To test whether the BH3 peptides enhanced membrane association of Bcl-w, lysates prepared from healthy cells were incubated with wtBH3, the weakly binding L94ABH3, or the nonbinding 4EBH3. Subcellular fractionation showed that the wild-type peptide caused both overexpressed FLAG–Bcl-w and the endogenous protein to shift into the pellet fraction, whereas the L94ABH3 mutant peptide did so less efficiently and 4EBH3 not discernibly (Fig. 3, D and E). Endogenous Bcl-w in lysates of HeLa cells was affected similarly (unpublished data).

Importantly, alkali treatment did not release the membrane-bound Bcl-w isolated from dying cells (Fig. 1 C) or that tightly associated due to addition of a BH3 peptide to lysates (Fig. 3 E). This result suggests that BH3 engagement converts Bcl-w into an integral membrane protein (Janiak et al., 1994), presumably by inducing a conformational change in Bcl-w that allows integration.

Fusing a BH3 domain to Bcl-w abrogates binding of BH3-only proteins

We wished to determine whether the engagement of a BH3 domain by Bcl-w is sufficient in itself to cause tight membrane association, and also to assess how the biological activity of Bcl-w is affected (see next section in Results). We therefore sought to mimic a BH3-ligated conformer of Bcl-w by fusing the 26-mer BH3 region of BimL to its NH2 terminus via a 30-residue flexible linker (Gly4Ser1)6 (Bird et al., 1988), generating wtBH3/Bcl-w (Fig. 4 A). Control Bcl-w constructs had mutant forms of the BH3 with reduced binding affinity fused to Bcl-w (Table I).

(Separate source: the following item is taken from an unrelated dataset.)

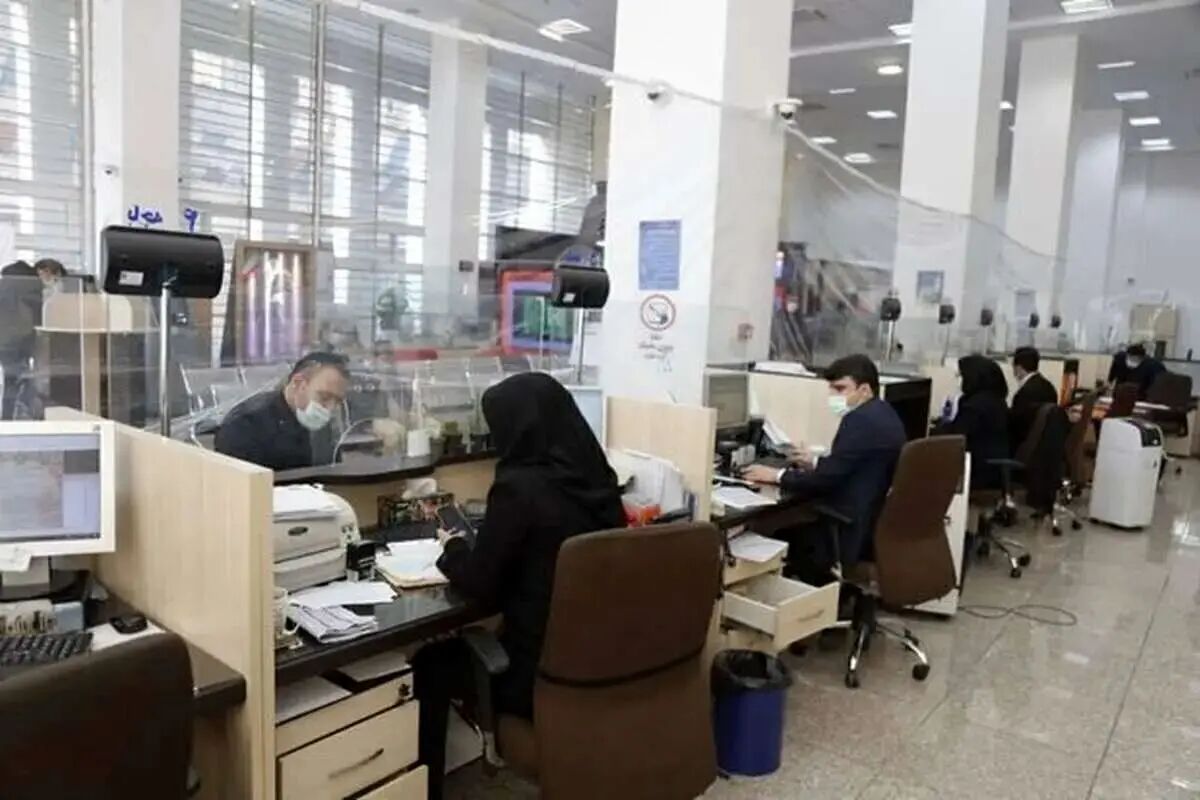 اسامی استان های تعطیل چهارشنبه ۱ مرداد ۱۴۰۴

In the chimeras, the wtBH3, but not the 4EBH3, peptide would be expected to occupy the binding groove of Bcl-w and displace its COOH-terminal residues (Fig. 4, C and D, left). To determine whether the binding groove of the chimeras remained accessible, we tested their ability to bind to BimEL or Bmf, another BH3-only protein (Puthalakath et al., 2001), in coimmunoprecipitation assays (the BimEL isoform was used rather than BimL, because BimEL was more readily resolved by size from Bcl-w). As expected, the 4EBH3/Bcl-w chimera still bound BimEL and Bmf (Fig. 4 D; unpublished data), showing that its groove remained free, whereas the wtBH3/Bcl-w chimera did not (Fig. 4 C), presumably because its groove was already occupied by the tethered BH3.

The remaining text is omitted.